EAGER fetching is a code smell

Introduction

Hibernate fetching strategies can really make a difference between an application that barely crawls and a highly responsive one. In this post, I’ll explain why you should prefer query based fetching instead of global fetch plans.

Fetching 101

Hibernate defines four association retrieving strategies:

Fetching Strategy Description
Join The association is OUTER JOINED in the original SELECT statement
Select An additional SELECT statement is used to retrieve the associated entity(entities)
Subselect An additional SELECT statement is used to retrieve the whole associated collection. This mode is meant for to-many associations
Batch An additional number of SELECT statements is used to retrieve the whole associated collection. Each additional SELECT will retrieve a fixed number of associated entities. This mode is meant for to-many associations

These fetching strategies might be applied in the following scenarios:

  • the association is always initialized along with its owner (e.g. EAGER FetchType)
  • the uninitialized association (e.g. LAZY FetchType) is navigated, therefore the association must be retrieved with a secondary SELECT

The Hibernate mappings fetching information forms the global fetch plan. At query time, we may override the global fetch plan, but only for LAZY associations. For this we can use the fetch HQL/JPQL/Criteria directive. EAGER associations cannot be overridden, therefore tying your application to the global fetch plan.

Hibernate 3 acknowledged that LAZY should be the default association fetching strategy:

By default, Hibernate3 uses lazy select fetching for collections and lazy proxy fetching for single-valued associations. These defaults make sense for most associations in the majority of applications.

This decision was taken after noticing many performance issues associated with Hibernate 2 default eager fetching. Unfortunately JPA has taken a different approach and decided that to-many associations be LAZY while to-one relationships be fetched eagerly.

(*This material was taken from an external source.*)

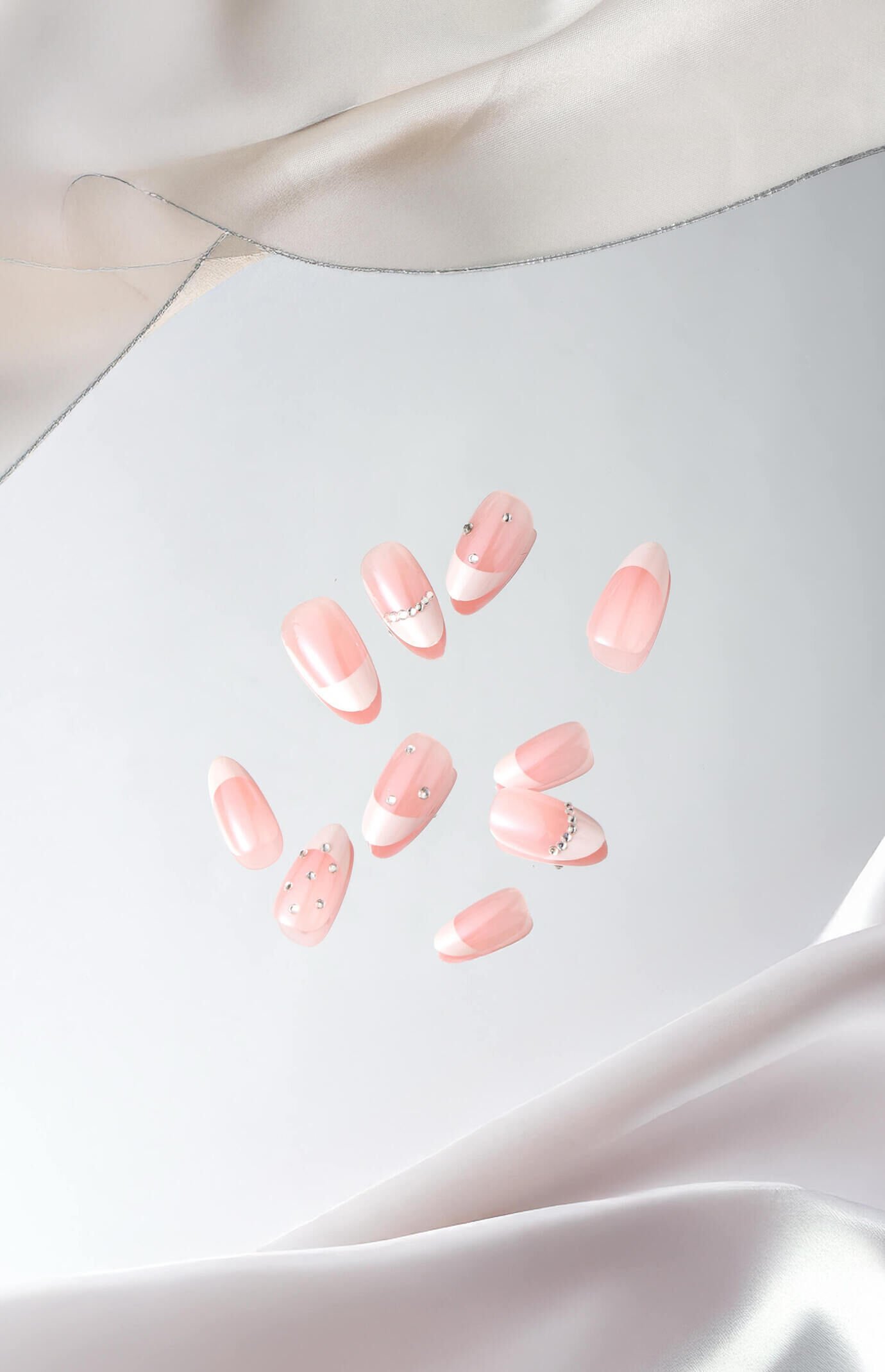 NEVER HAVE I EVER French But Make It Fabulous Press-On Nails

Association type Default fetching policy
@OneTMany LAZY
@ManyToMany LAZY
@ManyToOne EAGER
@OneToOne EAGER

EAGER fetching inconsistencies

While it may be convenient to just mark associations as EAGER, delegating the fetching responsibility to Hibernate, it’s advisable to resort to query based fetch plans.

An EAGER association will always be fetched and the fetching strategy is not consistent across all querying techniques.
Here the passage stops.